Constantin Popescu's debut feature, after the collective Tales From the Golden Age [+see also:
film profile], tells the story of the young Romanian fighters in the group led by Ion Gavrila Ogoranu, one of the most famous leaders of anti-communist resistance, who kept his ground in the Fagaras mountains from 1944-57, against the cold, hunger, treason, wounds and an increasing number of army raids. Together with his brothers-in-arms Leu, Brancoveanu, The Teacher and others, Ogoranu fought against the huge prison into which the communists turned Romania. Helped by the peasants and hunted by the Securitate, these heroes begun a long, tense cat-and-mouse game with the army, dreaming of the day the Americans would arrive and liberate the entire country.
Based on years of extensive research, Popescu's film sheds light on a part of the country's history that was carefully and thoroughly tampered with during the communist regime. The undertaking is enormously praiseworthy, but Portrait perhaps should have been a documentary and not a feature film. A long succession of dramatically identical armed encounters with the army alternate with tense moments of waiting, which makes the film feel like a mere review of important moments in the lives of Ogoranu and his partners.
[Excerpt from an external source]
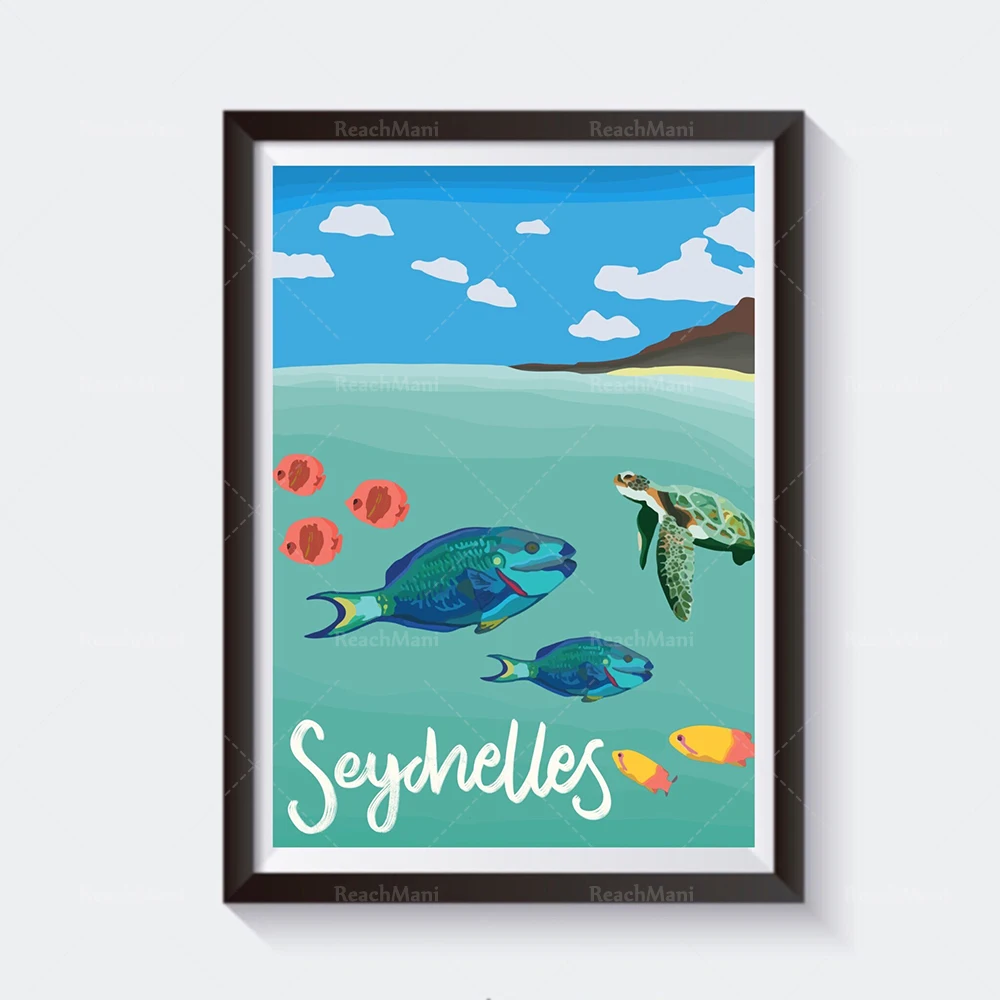 Turkey, Paris, Maldives, Seoul, Moscow, Vietnam, Brazil Rio de Janeiro, Seychelles Africa, St Thomas, Thailand travel poster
The director's choices may bring historical depth, but they also refuses the protagonists a status they deserve: that of film heroes and not simply reproductions of historical personalities.
Long sequences of speeches by Securitate officers and communist leaders create ever more distance between the viewer and the story, and the film’s ending will leave audiences with a vital question that, unfortunately, remains unanswered: “Who were these people and what did they fight for?” Also surprising is a legal disclaimer in the end that states that, although the research for Portrait was thorough, any resemblance to real events is coincidental and unintentional. It follows footage of the real Ogoranu, who was caught by the communist authorities much later, in 1976.
Popescu's film premièred in the Berlinale's Forum section in February and won the Audience and Best Cinematography awards at the Buchar-EST International Film Festival in April. The film was produced by Filmex and is sold internationally by Coach 14. It will be domestically released in October.